### What you will do
No pictures, nothing altered: return the data below.

### Available data
^^^^^^^^^^^^^^^^

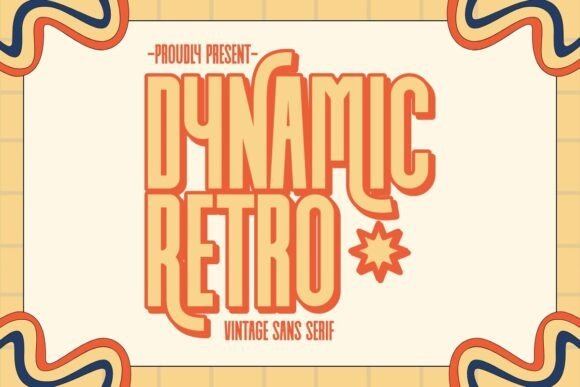 Dynamic Retro Font - Featured Image
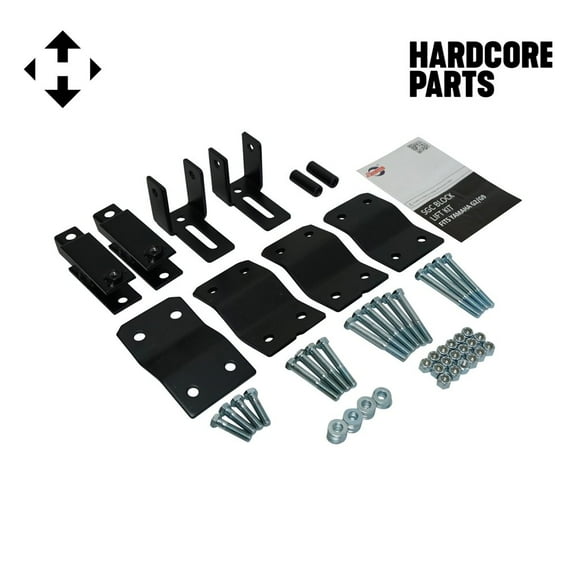 Hardcore Parts 4" Block Lift Kit for YAMAHA G2/G9 Golf Cart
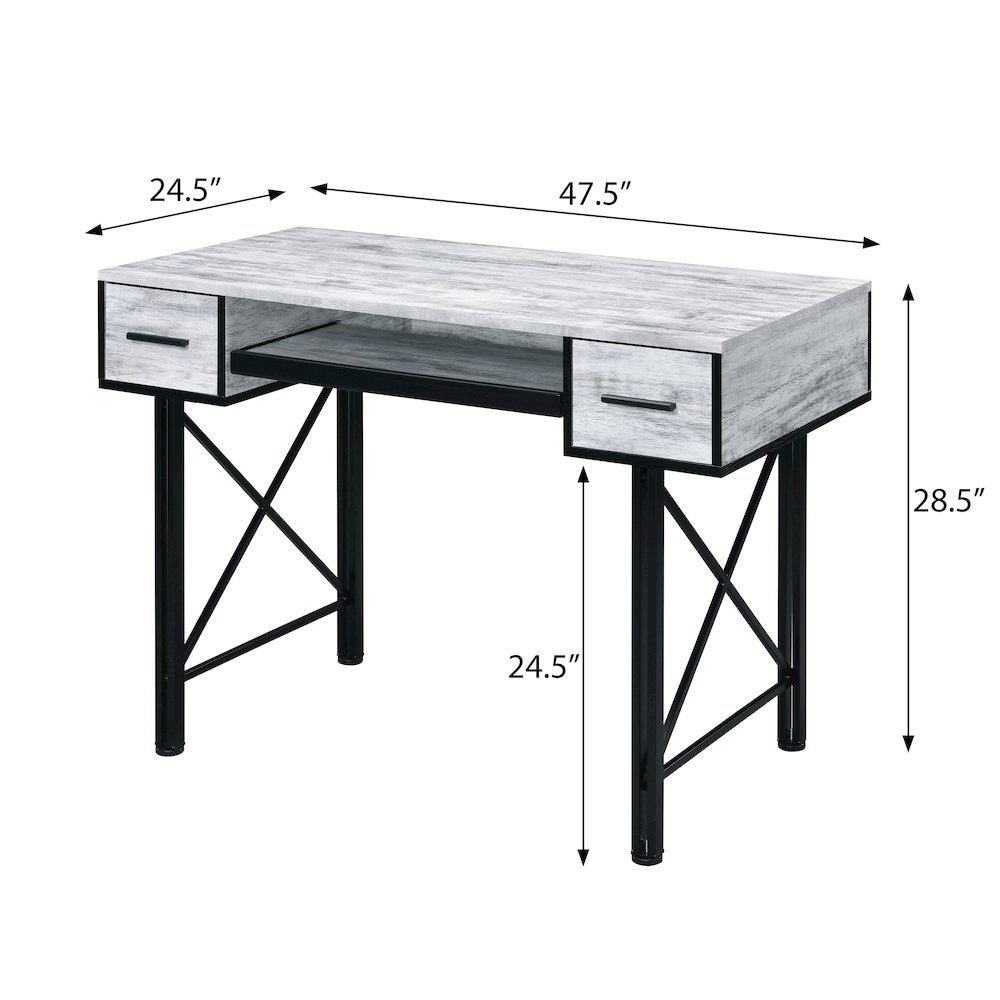 Computer Desk with Keyboard Tray. Picture 5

^^^^^^^^^^^^^^^^

### Solution for this problem
 Dynamic Retro Font - Featured Image
 Hardcore Parts 4" Block Lift Kit for YAMAHA G2/G9 Golf Cart
 Computer Desk with Keyboard Tray. Picture 5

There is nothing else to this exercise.